Horace Dediu on "the value of a customer"

Roger Stringer Roger Stringer
September 06, 2023
3 min read

Horace Dediu:

As I remember it, at least 10 years ago, I began to hear anecdotes from developers who built apps for both iOS and Android about their economics. The story is that they tended to have twice as many users using Android but that iPhone App Store revenues were roughly twice those of Google Play Store. From that I devised a rule of thumb that an iPhone user was about 4 times more valuable than an Android user. Half the users, paying 4 times as much means double the income.

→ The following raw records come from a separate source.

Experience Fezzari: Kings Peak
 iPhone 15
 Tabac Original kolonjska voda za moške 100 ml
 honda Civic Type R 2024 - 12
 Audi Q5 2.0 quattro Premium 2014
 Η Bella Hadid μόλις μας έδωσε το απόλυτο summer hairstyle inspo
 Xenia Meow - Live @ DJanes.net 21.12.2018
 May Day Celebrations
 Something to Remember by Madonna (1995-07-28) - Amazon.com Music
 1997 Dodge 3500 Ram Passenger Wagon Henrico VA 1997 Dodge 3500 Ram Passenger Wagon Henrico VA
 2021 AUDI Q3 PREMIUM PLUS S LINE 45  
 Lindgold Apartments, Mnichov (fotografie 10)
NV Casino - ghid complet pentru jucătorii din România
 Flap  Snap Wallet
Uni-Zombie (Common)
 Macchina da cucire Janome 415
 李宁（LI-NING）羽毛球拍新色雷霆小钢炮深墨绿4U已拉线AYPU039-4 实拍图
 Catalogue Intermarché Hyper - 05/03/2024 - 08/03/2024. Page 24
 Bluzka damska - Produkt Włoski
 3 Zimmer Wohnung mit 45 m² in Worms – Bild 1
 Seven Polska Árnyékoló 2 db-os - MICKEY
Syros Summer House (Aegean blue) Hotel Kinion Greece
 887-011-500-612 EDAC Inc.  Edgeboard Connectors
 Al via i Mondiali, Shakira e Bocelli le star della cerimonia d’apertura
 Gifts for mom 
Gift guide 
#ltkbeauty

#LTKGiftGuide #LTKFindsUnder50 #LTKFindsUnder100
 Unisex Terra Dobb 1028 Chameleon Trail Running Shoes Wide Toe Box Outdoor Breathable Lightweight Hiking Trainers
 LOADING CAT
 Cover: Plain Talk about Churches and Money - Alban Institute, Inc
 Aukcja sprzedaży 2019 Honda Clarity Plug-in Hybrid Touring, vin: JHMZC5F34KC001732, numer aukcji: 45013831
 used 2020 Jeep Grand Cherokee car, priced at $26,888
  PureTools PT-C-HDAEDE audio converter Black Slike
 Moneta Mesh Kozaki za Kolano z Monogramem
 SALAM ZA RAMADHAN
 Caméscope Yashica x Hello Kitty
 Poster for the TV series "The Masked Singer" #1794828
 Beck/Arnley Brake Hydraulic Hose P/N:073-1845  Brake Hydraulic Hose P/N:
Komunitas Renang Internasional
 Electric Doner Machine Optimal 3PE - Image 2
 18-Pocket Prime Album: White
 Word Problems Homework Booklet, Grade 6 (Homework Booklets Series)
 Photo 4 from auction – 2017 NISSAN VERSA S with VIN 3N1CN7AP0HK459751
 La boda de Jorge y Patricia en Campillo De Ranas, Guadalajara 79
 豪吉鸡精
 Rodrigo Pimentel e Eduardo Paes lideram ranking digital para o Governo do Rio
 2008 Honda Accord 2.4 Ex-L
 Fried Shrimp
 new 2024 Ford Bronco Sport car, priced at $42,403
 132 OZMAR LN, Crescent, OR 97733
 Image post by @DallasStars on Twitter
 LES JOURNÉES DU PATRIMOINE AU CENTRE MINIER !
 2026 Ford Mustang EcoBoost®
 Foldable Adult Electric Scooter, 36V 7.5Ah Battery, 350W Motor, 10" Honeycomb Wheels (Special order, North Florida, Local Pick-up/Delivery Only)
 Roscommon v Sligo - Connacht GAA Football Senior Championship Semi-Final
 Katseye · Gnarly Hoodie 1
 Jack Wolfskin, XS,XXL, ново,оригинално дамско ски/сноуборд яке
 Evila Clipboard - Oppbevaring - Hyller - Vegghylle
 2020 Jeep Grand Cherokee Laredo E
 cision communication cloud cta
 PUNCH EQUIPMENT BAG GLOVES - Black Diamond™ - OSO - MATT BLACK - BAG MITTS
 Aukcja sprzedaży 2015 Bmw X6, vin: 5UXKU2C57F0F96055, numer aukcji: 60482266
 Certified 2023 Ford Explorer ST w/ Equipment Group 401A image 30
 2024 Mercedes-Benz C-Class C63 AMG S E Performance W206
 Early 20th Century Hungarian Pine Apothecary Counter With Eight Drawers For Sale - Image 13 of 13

Over the years I came across a lot more data about market development (the diffusion of innovations) and market creation (the innovation process) and applied it to transportation. Along the way I also became more aware that figures of consumption and spending are not normally distributed. That it turns out that the governing function of much of human behavior is log-normal. That is, it is skewed rather than balanced or symmetric around an average. Classic examples are income distribution and the distribution of travel distances.

[...]

So the picture becomes clearer. The iPhone customer is 7.4 times more valuable than the Android customer. This is more impressive than the 4× rule I had 10 years ago. The reasons are mainly that my anecdotes were from developers who sold products in the US or EU whereas expansion of smartphones to 7 billion global users has drawn in more lower spending customers.

But Apple’s base has also grown to over 1 billion users (650 million store users). This highlights that Apple has effectively grown and discriminated customers effectively. It obtained not just 1 billion customers but the best 1 billion customers.

How to discriminate effectively is the holy grail of marketing. The naïve approach is to keep prices high. But that usually only results in a “luxury” branding and a small base that tends not to grow. The alternative “premium” approach is to offer functionality and multiple tiers and distribution options and financing and merchandising. There is no simple formula.